Podría comprarlo todo online, sí, pero tampoco soy capaz: sé –veo– cómo las personas a mi alrededor adquieren lo que necesitan desde el teléfono, y que con cada clic virtual aparece un objeto físico en tu puerta. Pero siento la misma resistencia al comercio digital que a las compras en persona: me paralizan y me deprimen las tiendas, cuanto mayores y más multifacéticas peor, y el infierno me parece Home Depot, equivalente a un Leroy Merlín masivo, multiplicado, americano.

Me gustaría decir, orgullosa, que esta discapacidad ante el consumo es mi reacción visceral contra el capitalismo, contra el materialismo que todo lo impregna en este país. Pero resulta, sencillamente, que soy inmune a él: no siento el deseo de cosas nuevas, no tengo un gran apego por los objetos, valoro algunos de mis libros y muñecos de la infancia (que están esparcidos por el mundo) y siento que solo me pertenecen mis novelas y las personas a quienes quiero o a quienes quise. Aquí, en Nueva York, mis muebles son prestados; mi ropa, la que traje de España.

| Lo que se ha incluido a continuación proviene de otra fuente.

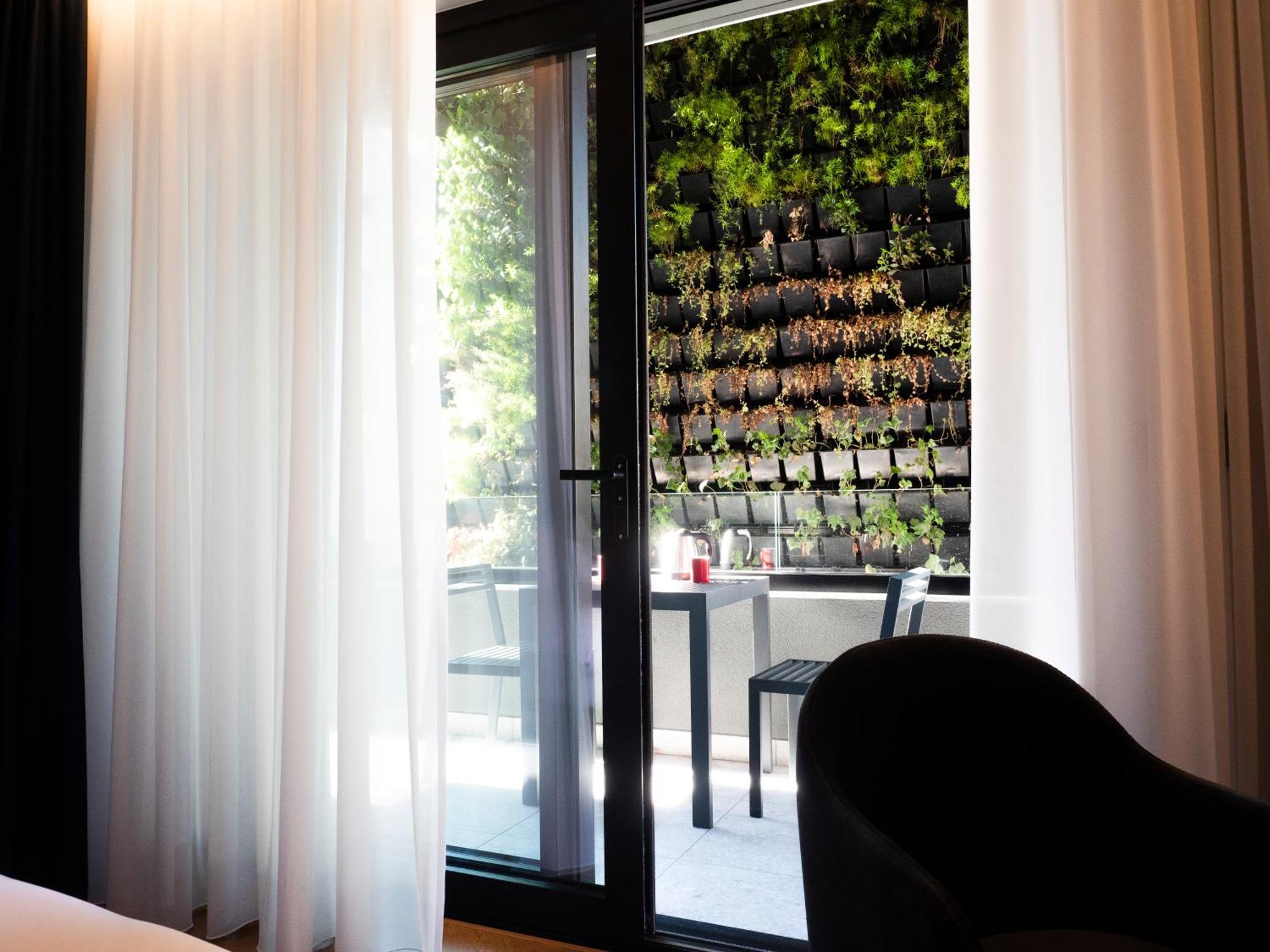 Moncafe Boutiquehotel Hotel 4*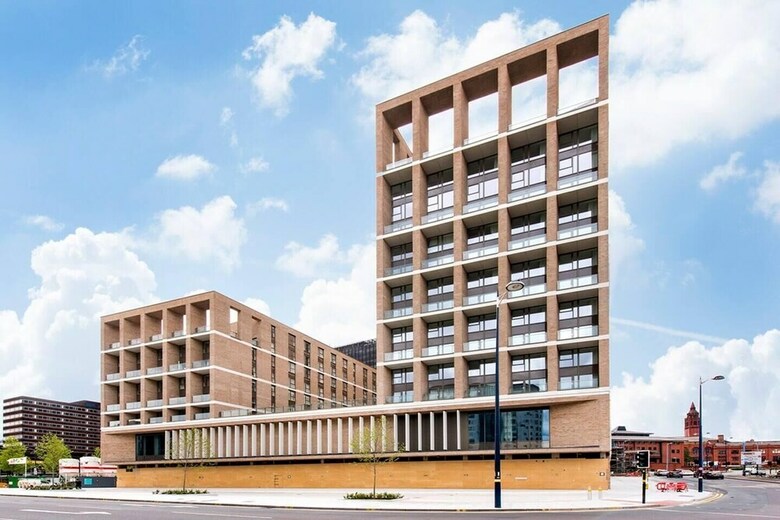 Luxurious And Bright 2br City Centre Apartment
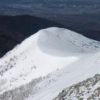 硫黄岳山頂から赤岩の頭の雪庇 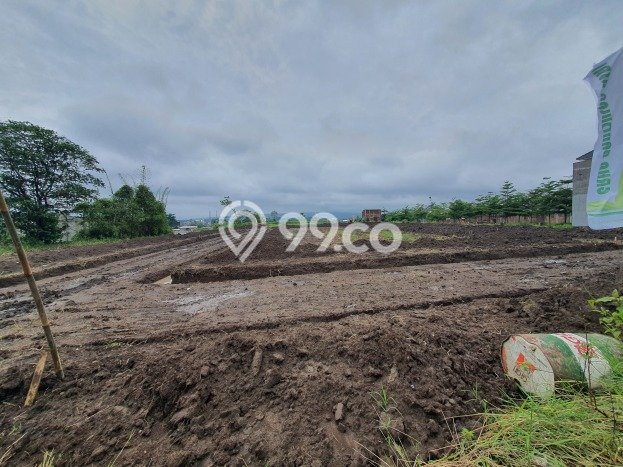 Dijual Tanah di Sukun Malang Luas 72m2 SHM Dijual Tanah di Sukun Malang Luas 72m2 SHM
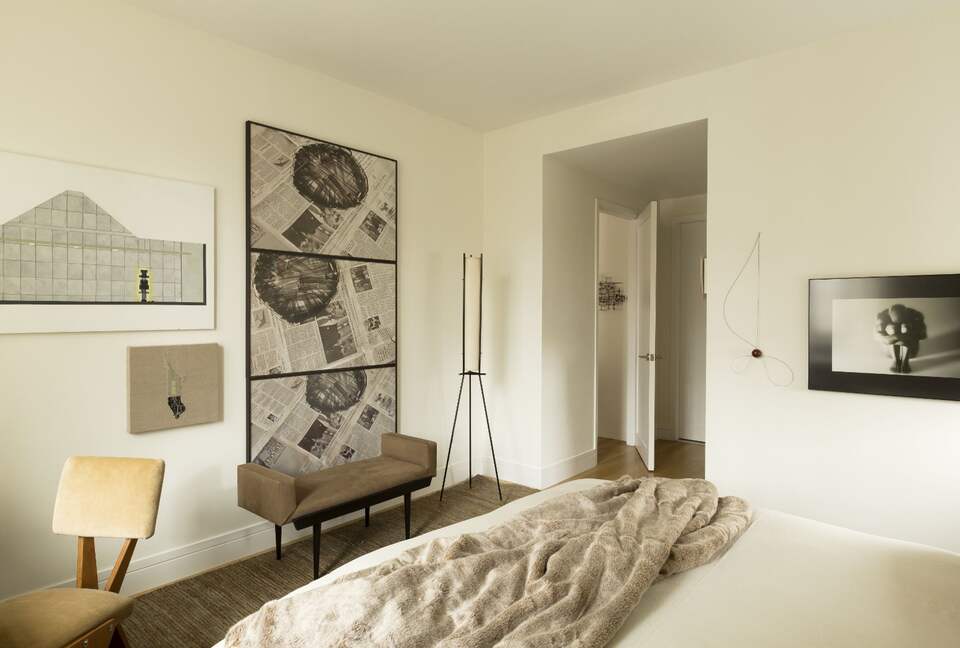 Sophisticated Two-Bedroom Retreat in Prime Manhattan - New York, New York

Me gustaría, digo, que se tratase de una militancia anticonsumo. Pero nuestra relación con los objetos, como con las personas, siempre tiene una explicación menos racional, más recóndita. El otro día, observando mi ridículo ascetismo, sentí que mi padre empezaba a vivir a través de mí: a mí, una mujer independiente del siglo XXI, me nace de dentro un extraño señor del siglo XX, que usaba los mismos zapatos hasta que se le gastaban; que no cocinaba a menos que estuviese muriéndose de hambre; que tenía alergia a los centros comerciales. Y eso no quitaba que fuese siempre bien vestido; que su mente estuviese bien nutrida (su cuerpo, menos, pero era bello en su extravagante anormalidad); y que su aparición en nuestras vidas fuese siempre algo inesperado, innovador, del modo en que ningún producto y solo un alma puede serlo.